- Some investors dislike volatility so much that they refuse to even enter the markets
- There are ways to take advantage of price variance without trying to time the market, but it is a losing proposition for most who do try
Traders love volatility. Wild price swings provide opportunities for profit. Other than using advanced options trading strategies, there’s no way to make money in sideways markets.
Investors, on the other hand, might feel differently. Volatility can be a leading cause of panic selling. Some investors dislike volatility so much that they refuse to even enter the markets.
But there are ways to take advantage of price variance without trying to time the market, which is a losing proposition for most who do try.
Sometimes the best way to take advantage of volatility is not to deal with it at all.
For those who average-in to the investments of their choice, volatility becomes a non-issue. If prices go down, great. Your next buy order will purchase more shares or coins. If prices go up, that’s fine, too! Your dollar cost will be the same, you just won’t get any more shares or coins.
Vauld’s automated investment programs (AIPs) make it easy for investors to average-in to the asset of their choice. The buy-the-dip feature makes it possible to average-in at the most favorable price levels, ensuring that the average buy price will be a lower one.
Diversifying also provides protection from the potential ravages of volatility. The goal of a well-diversified portfolio is to have a variety of assets that aim to balance each other out. If certain sectors are underperforming, others should be outperforming — or at least remaining stable.
Not only has Vauld made it easier for people to choose how to invest in crypto — they’ve also made it easier to decide what crypto assets to invest in. In fact, Vauld users don’t have to make a specific choice if they don’t want to. They can select one of several structured products that provide exposure to specific crypto categories instead. CEO and co-founder of Vauld, Darshan Bathija explains:
“Say you’re bullish on a certain industry in the crypto space. Folks have to do research on which project will be the winner in a space and allocate capital accordingly. We’ve removed that aspect by creating baskets of tokens based on what the token does. We have a DeFi category, an AMM exposure category, centralized exchange pool, governance tokens of NFTs, governance tokens of DeFi, and so on. Depending on what aspect of crypto you’re bullish on, you can just average into the space [of your choice].”
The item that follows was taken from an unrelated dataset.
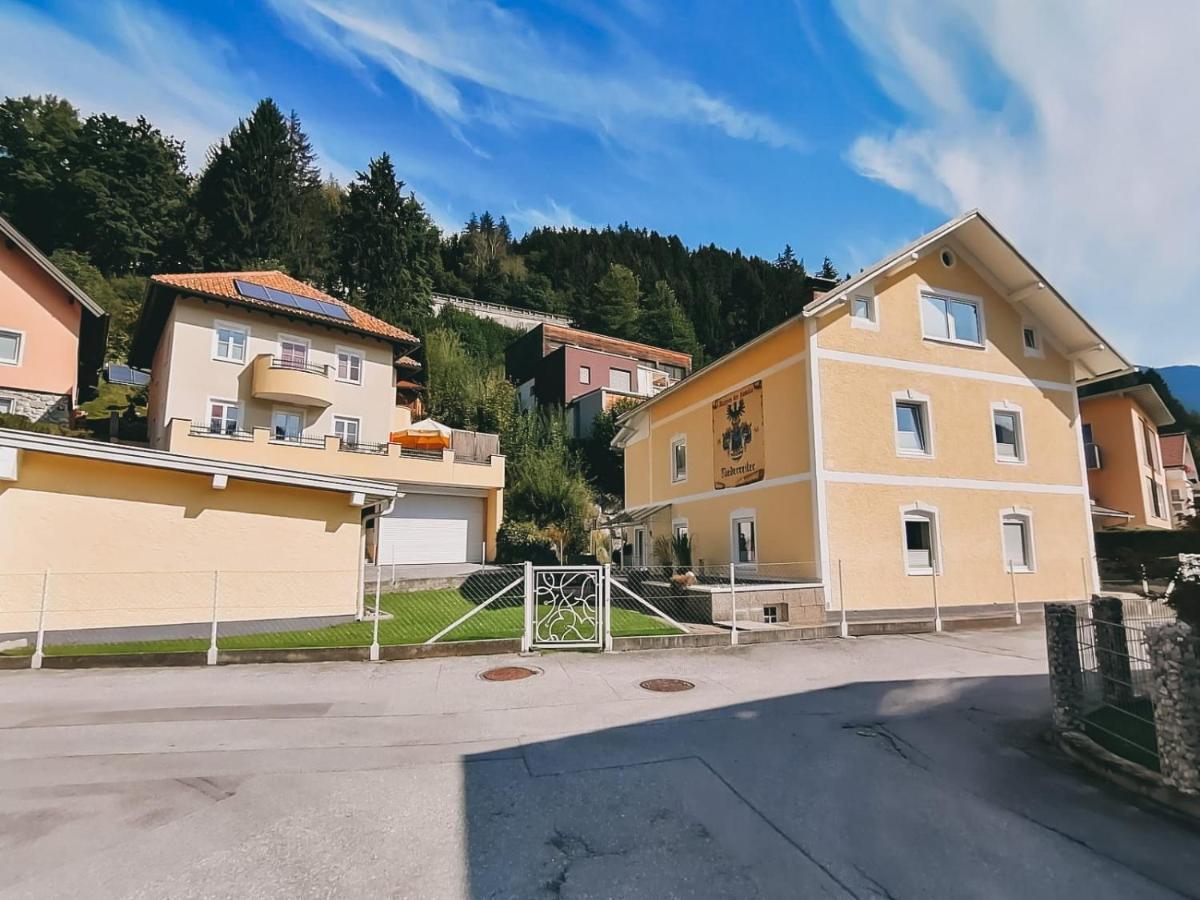 Apartamento Haus Niederreiter Bischofshofen Exterior foto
Forget about waiting for bitcoin or crypto exchange-traded funds (ETFs) to be listed on stock exchanges. Similar investment vehicles have already been created. And these products have been established by people who know crypto.
While dollar-cost averaging is great, it never hurts to have some extra cash on the side (or dry powder, as traders like to call it), ready to scoop up assets on the cheap in the event of a crash. Of course, this requires liquidity. If all your money is tied up in investments, you can’t make moves in the market without selling something first.
Oftentimes, investors lock up money with the intention of making more money, i.e., earning a yield. Vauld users have the luxury of earning a yield on crypto deposits while still staying liquid. As opposed to some platforms that require lockups for interest earners, on Vauld such lockups are optional.
Taking advantage of asymmetric upside
It’s often said that there’s an “asymmetric upside” to bitcoin and cryptocurrencies. Even a small allocation could lead to outsized gains with minimal risk if past and current trends were to continue. More and more investors, both individual and institutional, have begun to realize this.
The tools provided by Vauld make it easier for investors to gain exposure to the large potential upside in crypto while minimizing the risks stemming from massive volatility. Dollar-cost averaging, diversifying, and staying liquid can all help to maximize returns and reduce risks in the crazy crypto markets.